--- Activity ---
The answer must consist solely of the line containing "0 Creel Rd Unit 7531025, Theodore, AL 36582" and every line after it in the records below, through the last, each reproduced exactly.

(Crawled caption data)
Content starts
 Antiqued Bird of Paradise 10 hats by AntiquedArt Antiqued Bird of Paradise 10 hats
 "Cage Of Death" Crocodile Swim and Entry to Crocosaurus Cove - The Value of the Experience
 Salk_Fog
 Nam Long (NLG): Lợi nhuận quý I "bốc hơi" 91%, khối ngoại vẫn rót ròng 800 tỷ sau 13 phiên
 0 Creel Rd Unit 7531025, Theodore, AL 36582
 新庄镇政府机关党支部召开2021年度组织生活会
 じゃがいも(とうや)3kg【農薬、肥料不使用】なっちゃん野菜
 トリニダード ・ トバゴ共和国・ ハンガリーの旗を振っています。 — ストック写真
Content ends
--- Response ---
 0 Creel Rd Unit 7531025, Theodore, AL 36582
 新庄镇政府机关党支部召开2021年度组织生活会
 じゃがいも(とうや)3kg【農薬、肥料不使用】なっちゃん野菜
 トリニダード ・ トバゴ共和国・ ハンガリーの旗を振っています。 — ストック写真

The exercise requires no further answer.